Fire Brand
It’s 60 years since Adidas registered the trademark three stripes. In this Irish Examiner Article, Kathy Foley asks how brands penetrate our lives.
After fighting in World War I, Adolf Dassler, known to everyone as Adi, returned to his mother’s house in Germany and started a small business making sports shoes. A couple of years later, his brother Rudolph (Rudi), joined him and they set up a company with the not-very-catchy name of Gebrüder Dassler Schuhfabrik, or the Dassler Brother Shoe Factory.
The brothers continued to make shoes together for nearly 25 years, but decided to part ways in 1948. Both wanted to stay in the sports shoe business, so Rudi set up his own company and called it Puma. Adi also set up a shoe company, but decided to name it after himself and so Adidas was born. On August 18, 1949, 60 years ago this week, Adi registered the company name and its trademark of three parallel stripes.

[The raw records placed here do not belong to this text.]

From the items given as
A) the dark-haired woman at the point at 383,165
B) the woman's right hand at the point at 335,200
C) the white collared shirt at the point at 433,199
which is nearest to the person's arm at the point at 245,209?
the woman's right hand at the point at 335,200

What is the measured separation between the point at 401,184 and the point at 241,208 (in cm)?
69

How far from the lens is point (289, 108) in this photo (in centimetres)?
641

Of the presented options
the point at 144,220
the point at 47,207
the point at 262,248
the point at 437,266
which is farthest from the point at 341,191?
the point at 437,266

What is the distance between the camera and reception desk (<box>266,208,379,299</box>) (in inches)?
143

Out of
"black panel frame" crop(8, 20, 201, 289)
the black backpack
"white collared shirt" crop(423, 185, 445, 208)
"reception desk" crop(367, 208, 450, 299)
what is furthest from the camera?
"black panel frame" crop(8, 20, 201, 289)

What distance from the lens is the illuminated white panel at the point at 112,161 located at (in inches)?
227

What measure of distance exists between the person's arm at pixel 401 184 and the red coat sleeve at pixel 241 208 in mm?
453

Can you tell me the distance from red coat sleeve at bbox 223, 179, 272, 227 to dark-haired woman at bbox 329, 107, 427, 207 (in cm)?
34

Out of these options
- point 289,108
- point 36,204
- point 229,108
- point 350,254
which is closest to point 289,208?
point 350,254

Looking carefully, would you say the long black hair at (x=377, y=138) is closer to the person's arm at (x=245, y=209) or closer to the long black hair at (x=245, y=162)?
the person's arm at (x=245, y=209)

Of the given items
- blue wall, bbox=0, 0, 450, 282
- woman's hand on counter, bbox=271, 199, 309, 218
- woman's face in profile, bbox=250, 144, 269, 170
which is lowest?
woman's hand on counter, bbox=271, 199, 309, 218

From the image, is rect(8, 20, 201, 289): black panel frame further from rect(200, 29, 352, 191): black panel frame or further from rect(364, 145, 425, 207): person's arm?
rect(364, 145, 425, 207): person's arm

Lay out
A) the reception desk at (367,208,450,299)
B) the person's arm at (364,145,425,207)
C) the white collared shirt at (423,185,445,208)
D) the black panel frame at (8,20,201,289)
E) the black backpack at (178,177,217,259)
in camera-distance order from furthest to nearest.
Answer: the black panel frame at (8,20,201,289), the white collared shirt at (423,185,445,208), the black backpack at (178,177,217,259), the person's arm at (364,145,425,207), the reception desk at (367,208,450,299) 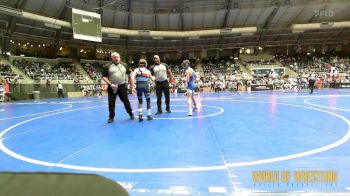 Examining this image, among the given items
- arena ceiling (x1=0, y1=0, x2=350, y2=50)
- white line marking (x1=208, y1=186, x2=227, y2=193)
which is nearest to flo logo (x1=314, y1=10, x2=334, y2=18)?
arena ceiling (x1=0, y1=0, x2=350, y2=50)

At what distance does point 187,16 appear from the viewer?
3578 centimetres

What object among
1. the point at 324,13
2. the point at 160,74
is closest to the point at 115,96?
the point at 160,74

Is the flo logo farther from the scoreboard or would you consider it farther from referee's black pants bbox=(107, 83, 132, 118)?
referee's black pants bbox=(107, 83, 132, 118)

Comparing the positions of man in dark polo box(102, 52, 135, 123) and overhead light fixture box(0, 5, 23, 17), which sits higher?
overhead light fixture box(0, 5, 23, 17)

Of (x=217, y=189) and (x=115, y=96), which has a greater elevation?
(x=115, y=96)

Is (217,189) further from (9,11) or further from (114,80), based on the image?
(9,11)

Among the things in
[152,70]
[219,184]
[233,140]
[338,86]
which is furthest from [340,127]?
[338,86]

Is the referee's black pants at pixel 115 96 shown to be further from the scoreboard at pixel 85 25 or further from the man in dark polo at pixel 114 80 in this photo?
the scoreboard at pixel 85 25

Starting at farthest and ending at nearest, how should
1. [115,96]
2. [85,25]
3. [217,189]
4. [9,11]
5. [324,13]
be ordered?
[324,13] → [85,25] → [9,11] → [115,96] → [217,189]

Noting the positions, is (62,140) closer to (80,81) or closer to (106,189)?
(106,189)

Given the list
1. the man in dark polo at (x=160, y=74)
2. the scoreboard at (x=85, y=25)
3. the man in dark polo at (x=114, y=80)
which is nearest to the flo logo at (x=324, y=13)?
the scoreboard at (x=85, y=25)

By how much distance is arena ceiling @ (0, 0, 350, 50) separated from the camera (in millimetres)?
30688

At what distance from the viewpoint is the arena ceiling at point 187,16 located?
101 ft

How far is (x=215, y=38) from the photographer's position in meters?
41.8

It is not known why exactly Adi Dassler chose three stripes as his trademark. “There was probably a very practical reason for the three stripes in the first place,” said Brian McGurk, a partner at Bradley McGurk, an Irish brand consultancy. “Maybe it was a point of difference from some other company that had two stripes or four stripes. Maybe the three stripes of leather strengthened the shoe.”
According to international consultancy Interbrand, the Adidas three stripes has a global brand recognition of over 90%. It is one of the world’s most iconic and instantly recognisable brand logos, along with the swoosh of its main competitor, Nike, which dates to 1971, and a host of others.
Without any visual aid, most of us can close our eyes and bring to mind Mc Donalds’ golden arches (1962), the fancy script of Coca-Cola (1886), the three-pointed Mercedes star (1909), Bibendum the Michelin man (1898) or the HMV logo of Nipper the dog peering into a gramophone machine (1900). We have our own famous big-brand logos in Ireland too, including the Guinness harp and the Aer Lingus shamrock.
But why do these brands lodge in our minds? Why, for example, does almost everyone in the world recognise and remember the three stripes of Adidas? “The Adidas three-stripe mark is a strong, confident mark and is world-class in its design,” said Gerard Tannam, co-founder of Islandbridge, also an Irish brand consultancy. “It forms a clear and immediately identifiable shape, which makes it easily recognised. Three is also a very powerful pattern and the human mind seems to be pleased by it.”